The Sequoia really feels like a rolling highlight reel of the best stuff from Toyota’s other recent body-on-frame vehicles, and that’s more than welcome after the last generation hung around for 15 years. It’s a little larger to fit our wide open highways, and it has a sizable performance bump over the likes of the Lexus LX 600 and the Land Cruiser to compensate for the extra heft.

Toyota Sequoia TRD Pro next to a mural in Krum, TX.

The Sequoia’s party piece is the i-Force Max powertrain it shares with the Tundra pickup, which packs a twin-turbo 3.5-liter V6 mated to a hybrid system good for a combined 437 horsepower and 583 pound-feet of torque. Because it’s electrified, you get a ton of torque at low revs that enables you to rush out of corners like a bit of a hooligan. (Which you will—often.)

2023 Toyota Sequoia Specs

  • Base price: $59,795 (including destination)
    • SR5 as tested: $62,795
    • Limited as tested: $69,195
    • Platinum as tested: $72,395
    • TRD Pro as tested: $78,395
    • Capstone as tested: $79,795
  • Powertrain: 3.5-liter twin-turbo V6 hybrid | 10-speed automatic | two- or four-wheel drive
  • Horsepower: 437 hp @ 5,200 rpm
  • Torque: 583 lb-ft @ 2,400 rpm
  • Seating capacity: 7 or 8
  • Wheelbase: 122 inches
  • Cargo volume: 86.9 cubic feet (max) | 49 cubic feet (behind second row with third row down) | 22.3-11.5 cubic feet (behind third row, depending on how seat is adjusted)
  • Max towing capacity: 9,520 pounds
  • Off-road angles: 23° approach, 20° departure (TRD Pro) | 15° approach, 20° departure (all other trims)
  • Ground clearance: 9.1 inches (TRD Pro) | 8.6 inches (all other trims)
  • Curb weight: 5,620 to 6,185 pounds
  • Fuel economy: TBA
  • Quick Take: Toyota took the best parts of its body-on-frame lineup and combined it into one stellar SUV that’s plenty capable on-road and off.
  • Score: 7/10

What’s Finally New

This is the first all-new Sequoia since the 2008 model year, so it’s about time. With it came the move to the new TNGA-F body-on-frame platform, which is shared with the Tundra, Land Cruiser, and Lexus LX. It also has a similar front end design to the Tundra, which I think works better on the SUV. Judging by the reaction of internet commenters after the Sequoia was revealed, I’d say I’m not alone in that.

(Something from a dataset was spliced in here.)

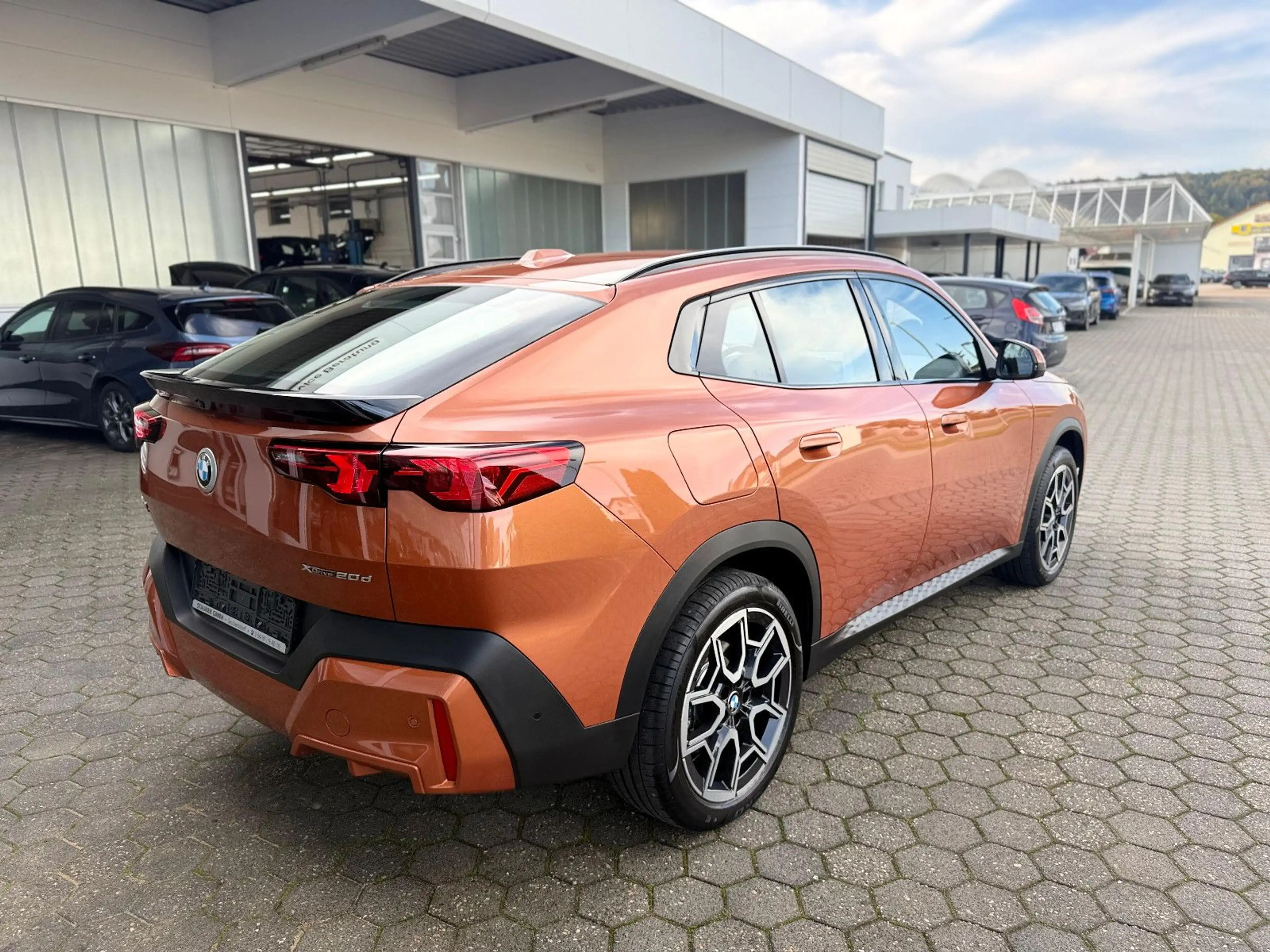 BMW X2 20 d xDrive AHK 360° MEMORY HARMAN/K. HEAD-UP — photo 6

The biggest upgrade outside the new standard hybrid drivetrain is in the suspension, which moved to a new rear multi-link design with coil springs and outboard-mounted twin-tube shock absorbers as standard. This was all done in the name of improving the truck’s ride and handling, and in my day of experience, I’d say it worked.

With the 2023 Sequoia being the last of Toyota’s new large vehicles to launch, it benefits from what works so well elsewhere. That’s true of its styling and performance, and it was the right move to make the hybrid standard. Sure, you could sell a cheaper gas-only model, but everyone including Toyota knows that entry-level trims with relatively basic equipment don’t make all the money in the world.

Hustling and Cruising in the 2023 Toyota Sequoia

While you certainly won’t mistake the Sequoia’s ride for your mom’s Sedan de Ville, the ‘Yota is pretty comfortable, even along seam-filled concrete roads. While this is the first Sequoia I’ve tested, I rode with The Drive’s Kristin Shaw on my test drive, who said it was a noticeable improvement over the old Sequoia. What’s more impressive is the Sequoia’s handling, something that’s no doubt helped along by the battery for the hybrid system sitting down low and towards the middle of the truck. 

The Sequoia also features a new rack-mounted electronic power steering system that’s light and easy to handle, but still plenty communicative. The whole package is downright confidence-inspiring to the point where I found myself powering out of turns like I would in my compact daily driver. All the while, I was chuckling at the hybrid V6’s calm, quiet rush of acceleration. 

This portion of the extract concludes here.